Like students to school, these trees arrived at the farm as seedlings.  Students are planted in different classrooms, our trees in different areas of the farm.  In some spots the trees took off and grew immediately, while other sections of land have seen much slower growth from trees planted at the same time.  Same thing happens in different classrooms whether we want to admit it or not.  But even in areas where our trees have grown really well every year, there are still one or a few individual trees that have struggled to keep up....just like students in classrooms.  Unlike students in school our trees aren't receiving constant care from us, but we have applied a few interventions over the years to help growth:  spraying with deer repellent, removing pests like sapsuckers and porcupines, wrapping tree cages around younger trees, mowing down thick grass.  Even with these efforts there are still trees that just can't seem to overcome the hand they were dealt and continue to lag behind the surrounding trees that grow a foot or more every year.  However......

We planted several thousand oak trees over a decade ago.  For years these trees did nothing, and those that did would get clobbered by hungry deer every fall.  We wrote off the oaks as a failure and poured our efforts into the evergreens that were clearly thriving year after year.  But last spring, before the summer grasses had begun to rise up, my dad and I noticed something - those oaks we had given up on hadn't gone away, and were instead still reaching towards the sky.  Some were leafed out, some were even taller than the pines and spruces we had planted after calling the oaks a failure.  While walking last week I could easily find rows and rows of these persevering oaks that were now standing above the top of the snow rather than buried beneath.
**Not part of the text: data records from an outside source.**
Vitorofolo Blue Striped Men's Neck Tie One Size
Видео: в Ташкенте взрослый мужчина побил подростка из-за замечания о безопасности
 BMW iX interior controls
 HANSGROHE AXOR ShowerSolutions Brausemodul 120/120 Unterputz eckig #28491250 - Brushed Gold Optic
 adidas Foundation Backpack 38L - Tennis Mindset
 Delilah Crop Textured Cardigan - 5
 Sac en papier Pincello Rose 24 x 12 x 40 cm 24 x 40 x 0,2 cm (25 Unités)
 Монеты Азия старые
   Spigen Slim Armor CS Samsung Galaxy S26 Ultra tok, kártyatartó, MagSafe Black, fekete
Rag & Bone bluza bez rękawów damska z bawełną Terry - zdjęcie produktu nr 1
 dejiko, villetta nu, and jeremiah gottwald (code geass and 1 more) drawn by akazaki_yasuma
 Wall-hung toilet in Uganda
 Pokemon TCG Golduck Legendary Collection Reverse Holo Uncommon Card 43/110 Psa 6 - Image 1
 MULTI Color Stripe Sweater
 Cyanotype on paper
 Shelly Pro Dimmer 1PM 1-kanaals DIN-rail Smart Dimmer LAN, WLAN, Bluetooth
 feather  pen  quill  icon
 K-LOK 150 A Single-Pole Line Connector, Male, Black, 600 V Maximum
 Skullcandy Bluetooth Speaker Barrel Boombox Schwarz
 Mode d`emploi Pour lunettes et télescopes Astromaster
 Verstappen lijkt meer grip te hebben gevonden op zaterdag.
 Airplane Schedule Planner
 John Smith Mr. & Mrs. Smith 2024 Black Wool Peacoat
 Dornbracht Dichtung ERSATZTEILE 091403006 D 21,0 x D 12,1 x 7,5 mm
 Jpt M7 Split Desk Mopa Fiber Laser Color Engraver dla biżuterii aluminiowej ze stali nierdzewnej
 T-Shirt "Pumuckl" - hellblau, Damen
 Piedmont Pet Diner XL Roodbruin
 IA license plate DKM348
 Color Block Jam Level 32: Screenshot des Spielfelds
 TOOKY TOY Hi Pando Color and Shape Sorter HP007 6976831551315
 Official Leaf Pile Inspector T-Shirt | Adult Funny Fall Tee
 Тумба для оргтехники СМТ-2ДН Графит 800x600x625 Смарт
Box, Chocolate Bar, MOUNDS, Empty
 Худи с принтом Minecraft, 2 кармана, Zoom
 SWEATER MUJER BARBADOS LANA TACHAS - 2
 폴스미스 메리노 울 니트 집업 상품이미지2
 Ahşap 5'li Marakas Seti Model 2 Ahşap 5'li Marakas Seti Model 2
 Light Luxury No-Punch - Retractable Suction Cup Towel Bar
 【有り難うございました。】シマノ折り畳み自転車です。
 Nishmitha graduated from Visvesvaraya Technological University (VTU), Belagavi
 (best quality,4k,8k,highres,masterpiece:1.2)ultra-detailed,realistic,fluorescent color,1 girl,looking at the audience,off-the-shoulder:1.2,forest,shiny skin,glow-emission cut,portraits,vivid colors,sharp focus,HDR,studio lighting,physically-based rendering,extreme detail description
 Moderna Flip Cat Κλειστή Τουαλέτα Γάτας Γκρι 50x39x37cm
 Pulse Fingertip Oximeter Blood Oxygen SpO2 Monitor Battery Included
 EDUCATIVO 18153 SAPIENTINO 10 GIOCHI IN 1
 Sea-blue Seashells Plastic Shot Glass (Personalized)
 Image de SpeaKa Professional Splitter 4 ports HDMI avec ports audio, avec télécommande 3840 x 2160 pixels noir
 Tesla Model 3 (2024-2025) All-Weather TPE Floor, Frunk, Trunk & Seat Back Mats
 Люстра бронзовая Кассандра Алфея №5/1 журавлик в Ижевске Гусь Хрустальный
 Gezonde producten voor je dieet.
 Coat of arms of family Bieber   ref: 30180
We have to stay patient.  We all want what's best for ourselves and for our students, but sometimes, maybe even oftentimes, we aren't going to see that "best" right away.  I don't have any magic answers for how to balance a desire for greatness with the patience needed to let it happen.  Maybe there isn't an answer because of the complex nature of growth - each unique specimen having a unique set of needs.  Or maybe the answer is patience.  Maybe it's a serving of patience mixed with a pinch of faith.  I do know that growth won't happen if we don't expect it and nurture it and push for it.  But, like the oaks and pines and spruces......and Students A through L....the growth isn't always happening in ways we can see.  Remembering this has kept me patient and renewed my faith in the process of teaching and good grief maybe this whole thing is just one big cycle:  Patience and faith leading to growth that won't be seen without faith and patience.

I plant trees with the expectation that they will grow; I teach students with the same expectation, as do most teachers.  We would all do well to step back on occasion and look at our students through the lens of how far they've come instead of how far they still have to go.  Doing so will renew faith in ourselves, our faith in the process, and our faith in the students while also refilling our reserves of patience, the key ingredient to the growth of those students who need us the most.